Warum macht Schilling all das? Er habe noch nie erlebt, dass eine Kollegin freimütig so private Dinge erzähle, nonchalant schwere Vorwürfe darin verpacke und sich das dann als übertrieben oder schlicht falsch entpuppe, sagt ein Abgeordneter dem STANDARD: „Das ist nicht normal.“
Wertung, Attacke, Meinung von einem anonymen Abgeordneten (der Grünen?). All das, was man eigentlich nicht tun sollte.
Eine erfahrene Grünen-Politikerin sagt: Schilling sei entweder nicht eingehend auf ihre Eignung geprüft worden. „Oder man hat Warnsignale ignoriert.“
Weiter geht es mit einer Einschätzung und Meinung, ohne, dass man wirklich materielle Informationen zur Geschichte beiträgt:
Von einem „mehr als hinterfragenswerten Umgang mit sehr jungen Menschen, die zu ihr aufschauen“, spricht ein langjähriger Klimaaktivist.
Es geht munter weiter:
Minderjährige Mitstreiterinnen äußern das Gefühl, Schilling habe sie gegeneinander ausgespielt, um ihre eigene Macht zu zementieren. Eine ältere Aktivistin erzählt von ihrem Eindruck, Schilling habe das Vertrauen, das junge Menschen in sie gesetzt hatten, ausgenutzt. Von einem „mehr als hinterfragenswerten Umgang mit sehr jungen Menschen, die zu ihr aufschauen“, spricht ein langjähriger Klimaaktivist.

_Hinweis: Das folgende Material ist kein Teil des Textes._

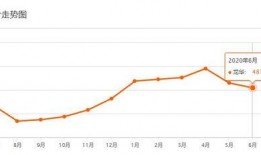 p70最新爆料价格走势,价格走势揭秘，市场动态一览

Zu guter letzt kommt auch noch eine langjährige Bekannte zum Wort. Warum deren Wort in dieser Causa gewichtig ist, bleibt offen. Weil sie politisch aktiv ist? An welcher Position? Große Fragezeichen:
Eine langjährige gute Bekannte, die selbst politisch aktiv ist, fasst es so zusammen: „Wenn man jetzt nicht die Notbremse zieht, entsteht ein enormer Schaden: für die Grünen, für die Klimabewegung – aber vor allem für Schilling selbst.“
Wenn man sich zuerst die internationalen Standards zu diesem Thema liest und kurz darauf die Berichterstattung des Standards wird sehr schnell offensichtlich, wo das Problem ist.
Falls dieser Art des Journalismus in Österreich unseren Normen entspricht, sollten wir uns eventuell Gedanken darüber machen, es künftig besser zu machen.